The letter in front of the questions in the dialogue (S, T, G) indicates which role the question is directed to. Only the roles that have been selected to answer the question have the opportunity to write, but everyone involved can read.

  1. Roles: There are four different roles used when designing the template. The roles are used to indicate to whom the question is addressed. We call it the question's "owner." The roles have different names for different types of schools and employee discussions.

For all school types except preschool and employee discussions: 
S = Student 
T = Teacher 
M = Mentor
G = Guardian

C = Child 
T = Teacher
M = Mentor 
G = Guardian

Employee discussions: 
Ma = Employee 
C = Manager 
M = Mentor

Roles are also used to indicate if more than the question's owner should be able to answer the question. For example, it is common to want both the mentor and the guardian to be able to answer the child's/student's questions in preschool or in the lower grades of primary school.

Opening up the student's/child's field for the mentor or guardian allows them to answer questions directed to the student/child through their login. Another place where it can be useful for multiple people to fill in at the same place is Agreements since these are usually documented when everyone is gathered, and it is good if the logged-in person can fill in all parts, including questions from other roles. There are more areas of use, and it is important to consider who should be able to write in which fields when designing the template. More tips are available under each question type.

See who can write in a field

It is not visible on the screen who can answer other than the owner of the question, but if, for example, it has been chosen that the mentor should be able to write in the student field, it also opens up for the mentor.

TIP! You can see which roles can answer a question by hovering the mouse pointer over the role symbol before the question.

Template structure

The template consists of several parts divided into pages, which in turn consist of headings, subheadings, descriptive texts, links, images, and of course, a number of questions and fields to enter or upload information. There are many possibilities and a lot to consider when designing a dialogue template. This section describes the different parts of the dialogue template.

Usually, the following elements are included in a template:

Overview page - Always included. Contains information about the different phases and the agenda, etc.

Preparatory questions ("About Me", "My Development", "My Learning", etc.)

Agreements - For documenting agreements between home and school/preschool. The page can be named, for example, VUP (preschool) "My Plan," "My Goals," or "My IUP" or "Agreements."


The content of the dialogue template is divided into different pages to structure the content and make it more manageable. The person designing the template determines the number of pages and their headings.

TIP! Keep the headings short to make it more understandable for the user. All headings should fit on one line for clarity. Do not name pages "dialogue," as the tab in Unikum is called "dialogue." It could make it unclear for the user. "Dialogue preparation" is a good alternative. The page with agreements can be named that or "Goals," "Forward-looking planning," etc.

Parts of the page

  • Introduction text- At the top of each page in the template, you can add an introductory information text or description. It can also include clickable links that, for example, open in a new window.
  • Section heading - Each page can be divided into different sections with subheadings. Only one level of section is possible.
  • Questions - In each section, you add associated questions.

Question types

The content on each page consists of questions of various types. There are many possibilities but also some limitations.

Rating question - icons

A question that is answered by selecting one of 4 symbols with icons. There are always four icons. Only one can be chosen as the answer option. The options mean, from left to right: Never, Rarely, Often, Always.

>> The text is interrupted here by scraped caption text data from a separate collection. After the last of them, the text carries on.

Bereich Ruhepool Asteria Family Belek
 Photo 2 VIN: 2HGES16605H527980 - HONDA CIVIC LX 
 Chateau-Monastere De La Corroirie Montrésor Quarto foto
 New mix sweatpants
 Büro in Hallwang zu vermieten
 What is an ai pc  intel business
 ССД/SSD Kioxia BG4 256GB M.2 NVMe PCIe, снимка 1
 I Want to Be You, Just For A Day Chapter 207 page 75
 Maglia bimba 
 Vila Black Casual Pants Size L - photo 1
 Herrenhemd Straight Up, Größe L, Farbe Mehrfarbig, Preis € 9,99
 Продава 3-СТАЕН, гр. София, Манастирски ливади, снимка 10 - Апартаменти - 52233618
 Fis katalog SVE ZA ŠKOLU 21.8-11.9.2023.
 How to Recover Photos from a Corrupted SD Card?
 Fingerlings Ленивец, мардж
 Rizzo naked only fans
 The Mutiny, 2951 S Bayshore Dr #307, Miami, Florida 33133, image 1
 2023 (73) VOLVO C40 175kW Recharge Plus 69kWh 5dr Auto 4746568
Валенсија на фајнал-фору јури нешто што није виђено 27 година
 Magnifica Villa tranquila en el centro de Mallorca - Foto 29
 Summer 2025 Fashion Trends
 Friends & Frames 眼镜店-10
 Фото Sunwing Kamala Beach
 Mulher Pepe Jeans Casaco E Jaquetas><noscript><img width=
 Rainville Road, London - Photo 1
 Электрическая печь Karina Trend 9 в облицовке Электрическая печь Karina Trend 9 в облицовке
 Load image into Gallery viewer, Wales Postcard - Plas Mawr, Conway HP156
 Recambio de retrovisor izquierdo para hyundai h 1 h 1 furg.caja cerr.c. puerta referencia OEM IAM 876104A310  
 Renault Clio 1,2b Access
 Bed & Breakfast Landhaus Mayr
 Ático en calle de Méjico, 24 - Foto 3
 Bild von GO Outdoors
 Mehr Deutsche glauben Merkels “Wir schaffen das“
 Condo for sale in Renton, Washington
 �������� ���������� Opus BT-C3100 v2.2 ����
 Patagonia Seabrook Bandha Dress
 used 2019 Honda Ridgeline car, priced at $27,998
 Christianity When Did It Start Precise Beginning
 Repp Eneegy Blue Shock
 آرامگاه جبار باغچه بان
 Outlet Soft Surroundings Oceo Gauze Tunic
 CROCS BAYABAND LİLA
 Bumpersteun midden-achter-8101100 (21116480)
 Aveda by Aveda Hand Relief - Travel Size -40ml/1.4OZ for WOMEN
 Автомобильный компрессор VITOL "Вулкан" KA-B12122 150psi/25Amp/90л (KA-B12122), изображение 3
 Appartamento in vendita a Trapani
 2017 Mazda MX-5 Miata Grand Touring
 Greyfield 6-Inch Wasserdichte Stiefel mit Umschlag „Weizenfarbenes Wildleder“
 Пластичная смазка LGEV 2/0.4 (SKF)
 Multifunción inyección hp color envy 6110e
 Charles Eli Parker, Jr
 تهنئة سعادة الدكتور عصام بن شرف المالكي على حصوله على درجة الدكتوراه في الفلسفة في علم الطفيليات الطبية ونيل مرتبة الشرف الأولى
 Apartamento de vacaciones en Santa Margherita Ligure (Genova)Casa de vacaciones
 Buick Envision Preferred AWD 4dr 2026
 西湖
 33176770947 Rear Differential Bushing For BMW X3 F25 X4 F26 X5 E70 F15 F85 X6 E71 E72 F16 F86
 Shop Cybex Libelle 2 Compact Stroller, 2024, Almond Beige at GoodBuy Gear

Comment question - use this primarily

Looks like and is used in the same way as a Free Text question, with the important difference that when the answer is saved, a timestamp and the name of the person who answered the question are added before the answer to clarify who answered and when the answer was added.

If multiple people can answer the same comment question, their answers are added one after another. This makes comment questions clearer and more secure than free text questions. There is no risk of someone changing what another person has written.

TIP! This question type is very useful, for example, for "Guardian's comments" or in other places where multiple people can write, as it becomes clear who has answered what. If you instead use a free text question, everyone answers in the same field, but it is not clear who wrote and when.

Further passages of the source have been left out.